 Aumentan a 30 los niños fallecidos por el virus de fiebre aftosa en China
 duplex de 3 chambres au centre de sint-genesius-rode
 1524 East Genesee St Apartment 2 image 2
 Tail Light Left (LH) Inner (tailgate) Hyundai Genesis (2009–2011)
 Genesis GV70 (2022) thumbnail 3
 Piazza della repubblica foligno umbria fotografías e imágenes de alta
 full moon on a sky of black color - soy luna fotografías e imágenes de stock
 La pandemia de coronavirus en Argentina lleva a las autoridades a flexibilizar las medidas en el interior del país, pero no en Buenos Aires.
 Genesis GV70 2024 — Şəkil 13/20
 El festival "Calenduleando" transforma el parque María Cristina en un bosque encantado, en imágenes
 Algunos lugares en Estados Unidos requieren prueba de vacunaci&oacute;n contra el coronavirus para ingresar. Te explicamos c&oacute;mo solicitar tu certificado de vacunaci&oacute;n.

• [What needs to be done] Copy out all the lines of the records that include "Genesis".

• [Result]
 Tail Light Left (LH) Inner (tailgate) Hyundai Genesis (2009–2011)
 Genesis GV70 (2022) thumbnail 3
 Genesis GV70 2024 — Şəkil 13/20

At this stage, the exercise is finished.